I am close to figuring this out but I'm just stuck at a wall. I'm attempting to understand a post by Aaron Betrand and apply it to a situation I've encountered where I have a changes table that's heavily duplicated due to prior design error I'm inheriting. The sample data set is identical in concept to my real data set, except SortOrder would usually be a datetime value and not an integer.
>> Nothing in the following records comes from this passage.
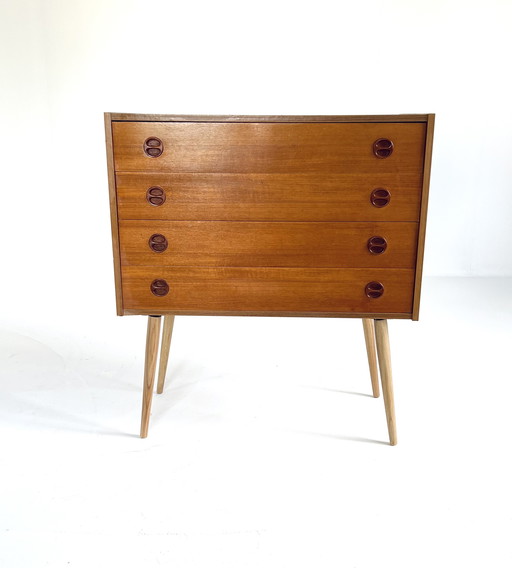 Teak chest of drawers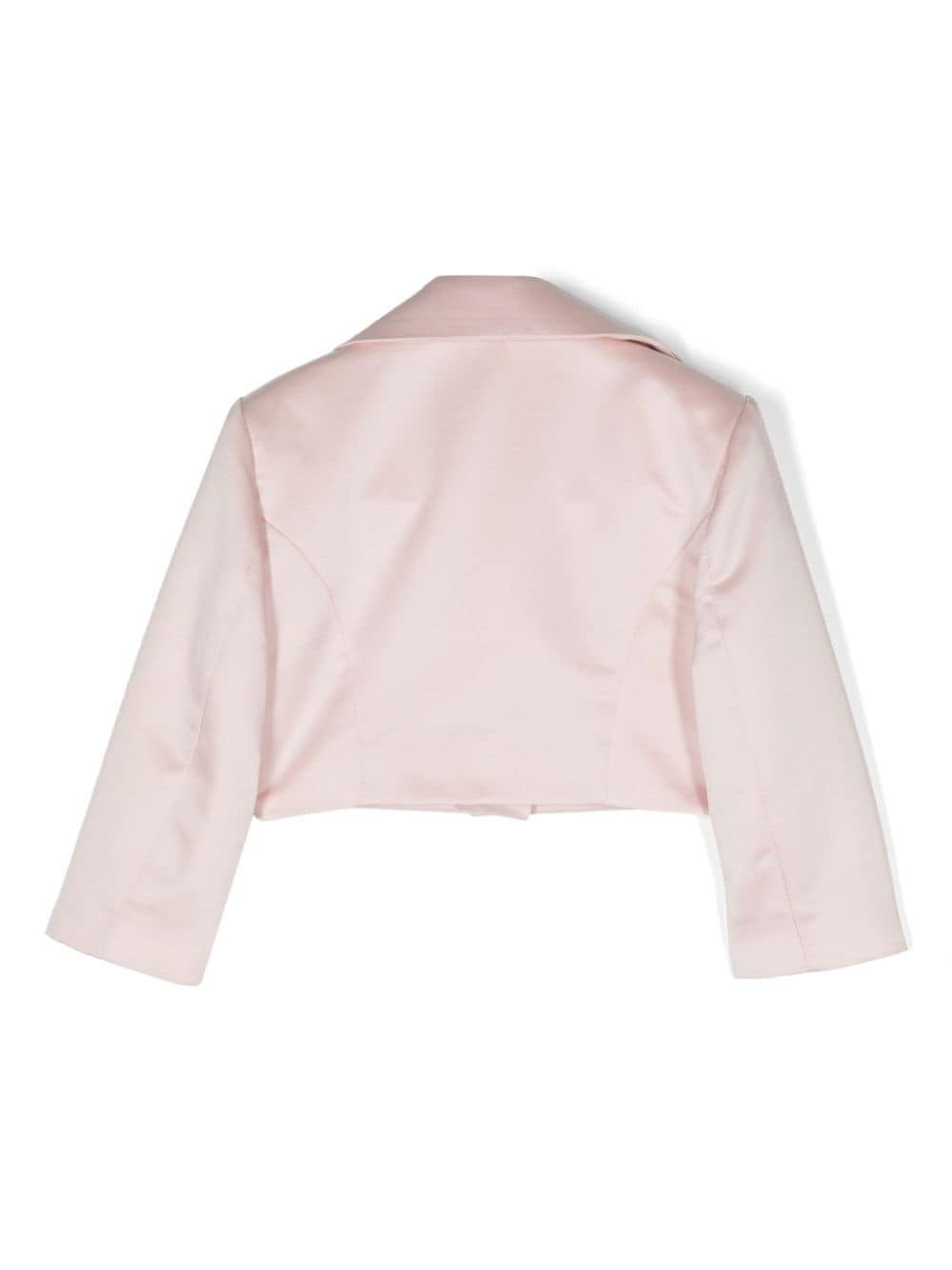 Shop Colorichiari Long-sleeves Satin Jacket In Pink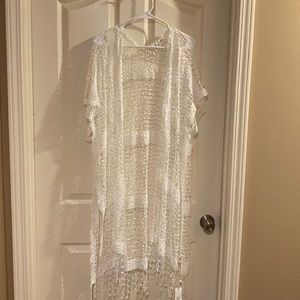 White. Ruggine kimono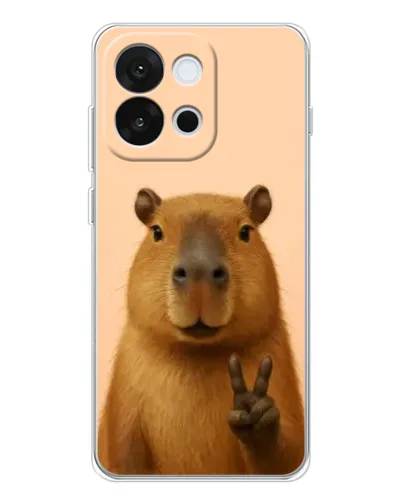Чохол для OnePlus 13T з картинкою «Капібара вікторія» Чохол для OnePlus 13T з картинкою «Капібара вікторія»
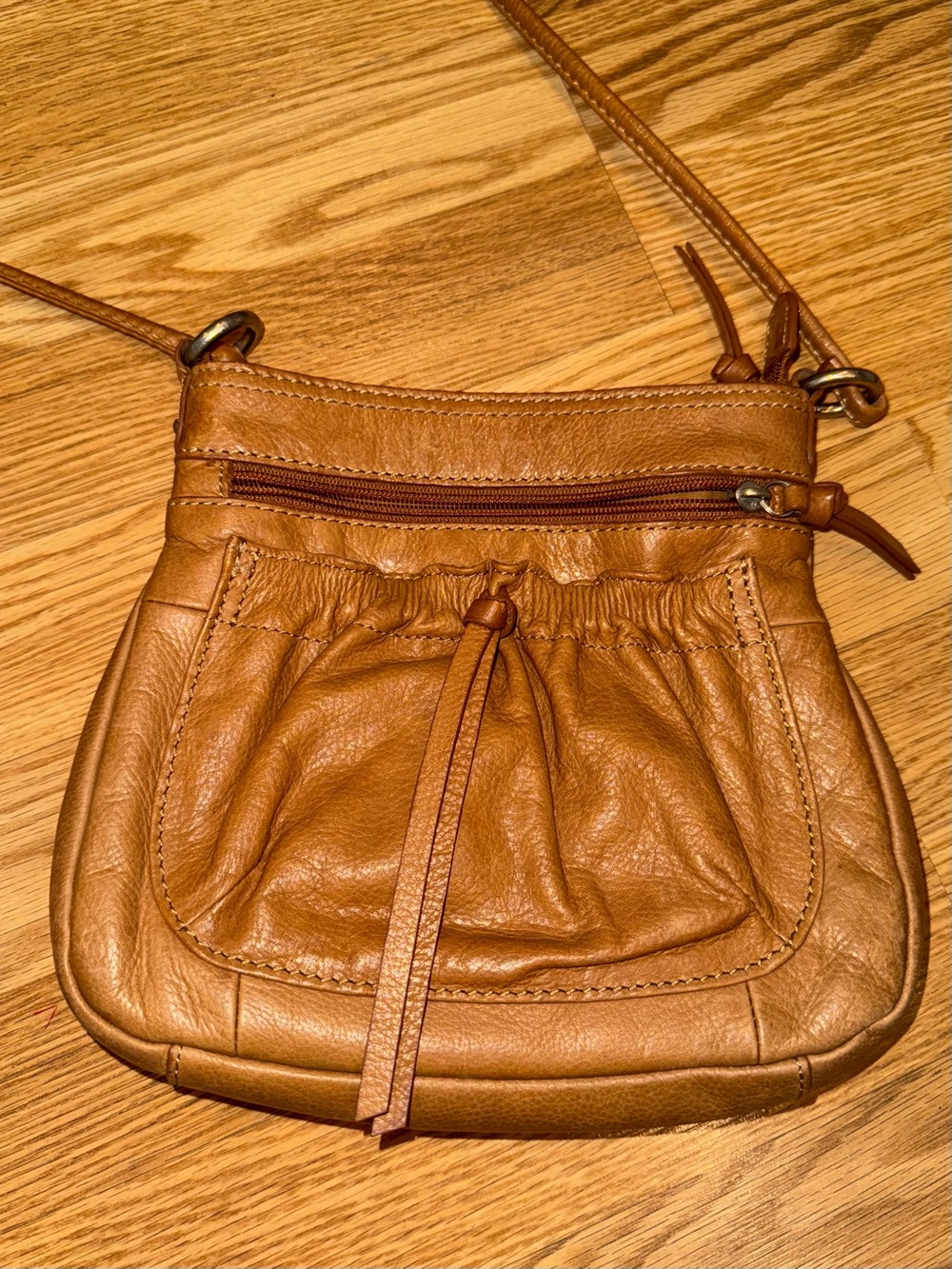 Fossil Brown Leather Shoulder Bag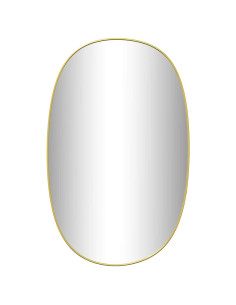 Specchio da Parete Dorato 80x50 cm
The code I've tried is here:
; with main as (
select *, ROW_NUMBER() over (partition by ID, Val, sortorder order by ID, SortOrder) as "Rank"
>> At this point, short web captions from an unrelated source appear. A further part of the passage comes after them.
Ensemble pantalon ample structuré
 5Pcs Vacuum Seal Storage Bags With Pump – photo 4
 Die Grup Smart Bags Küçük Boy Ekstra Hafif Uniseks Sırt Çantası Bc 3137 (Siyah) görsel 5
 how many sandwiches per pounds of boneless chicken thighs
, row_number() over (partition by ID, val order by ID, sortorder) as "s_rank"
from
(values (1, 'A', 1), (1, 'A', 1), (1, 'B', 2), (1, 'C', 3), (1, 'B', 4), (1, 'A', 5), (1, 'A', 5), (2, 'A', 1), (2, 'B', 2), (2, 'A', 3), (3, 'A', 1), (3, 'A', 1), (3, 'A', 2) )
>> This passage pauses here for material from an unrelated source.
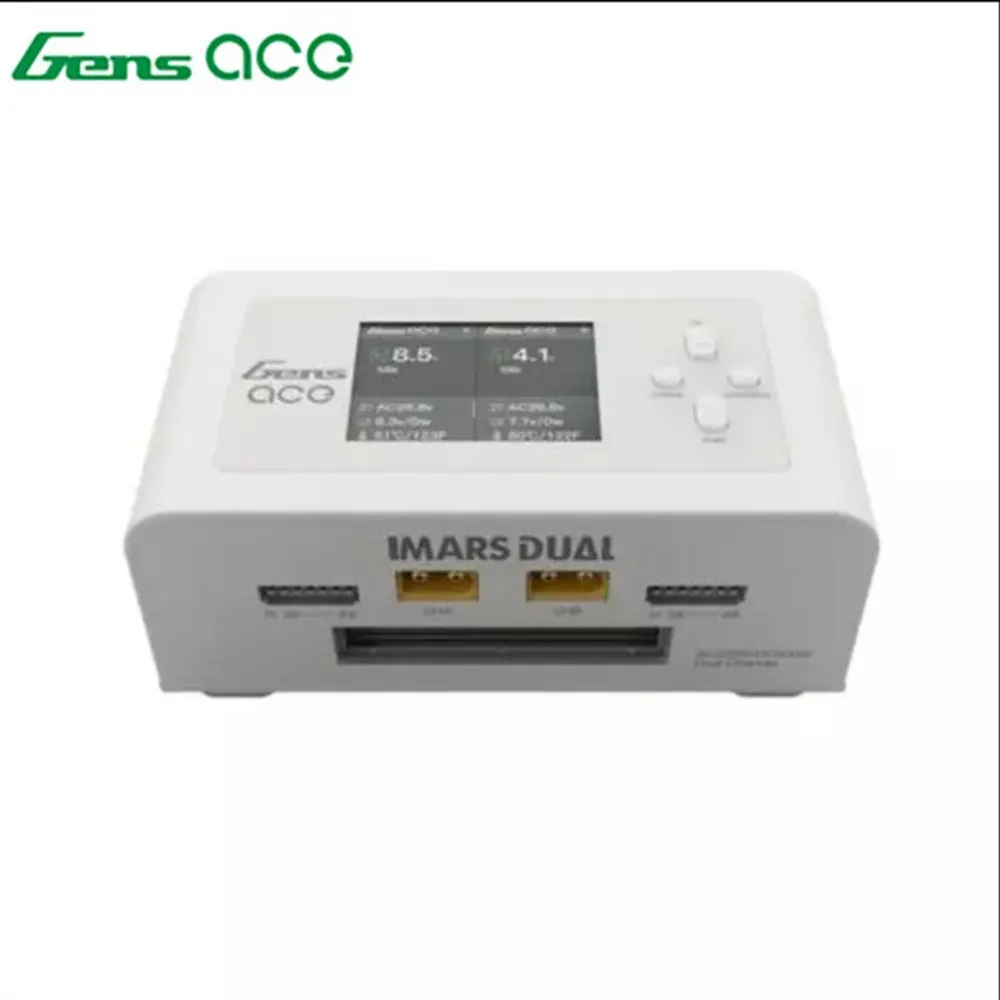 GENS ACE Dual Channel Smart AC200W DC600W High Power Balanced Fast Charge 1S 2S 3S 4S 6S Battery Lipo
as x("ID", "VAL", "SortOrder")
group by id, val, SortOrder
--order by ID, "SortOrder"
)
, cte_rest as (
select *
from main
where "s_rank" > 1
)
select *
from main left join cte_rest rest on main.id = rest.id and main.s_rank > 1 and main.SortOrder = rest.SortOrder
--where not exists (select 1 from cte_rest r where r.id = main.id and r.val <> main.VAL and main.s_rank < s_rank)
order by main.ID, main.SortOrder
The results are almost valid; however, the last row highlights a situation that I haven't been able to account for: the date changes, the value doesn't. I want this record to be excluded because it's not a true value change.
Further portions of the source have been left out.